RECORDS:

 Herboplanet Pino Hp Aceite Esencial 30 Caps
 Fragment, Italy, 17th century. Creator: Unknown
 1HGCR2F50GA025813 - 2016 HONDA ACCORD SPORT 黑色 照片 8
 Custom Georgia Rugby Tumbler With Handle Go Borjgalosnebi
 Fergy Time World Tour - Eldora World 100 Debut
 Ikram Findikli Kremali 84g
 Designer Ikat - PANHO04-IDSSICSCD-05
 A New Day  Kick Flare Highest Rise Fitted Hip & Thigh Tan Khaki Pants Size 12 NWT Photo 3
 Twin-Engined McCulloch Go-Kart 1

THE TASK: All lines from the opening of the listing above through the line that contains "Fergy Time World" should be given again exactly, and nothing more.

REPLY TO THE EXERCISE:
 Herboplanet Pino Hp Aceite Esencial 30 Caps
 Fragment, Italy, 17th century. Creator: Unknown
 1HGCR2F50GA025813 - 2016 HONDA ACCORD SPORT 黑色 照片 8
 Custom Georgia Rugby Tumbler With Handle Go Borjgalosnebi
 Fergy Time World Tour - Eldora World 100 Debut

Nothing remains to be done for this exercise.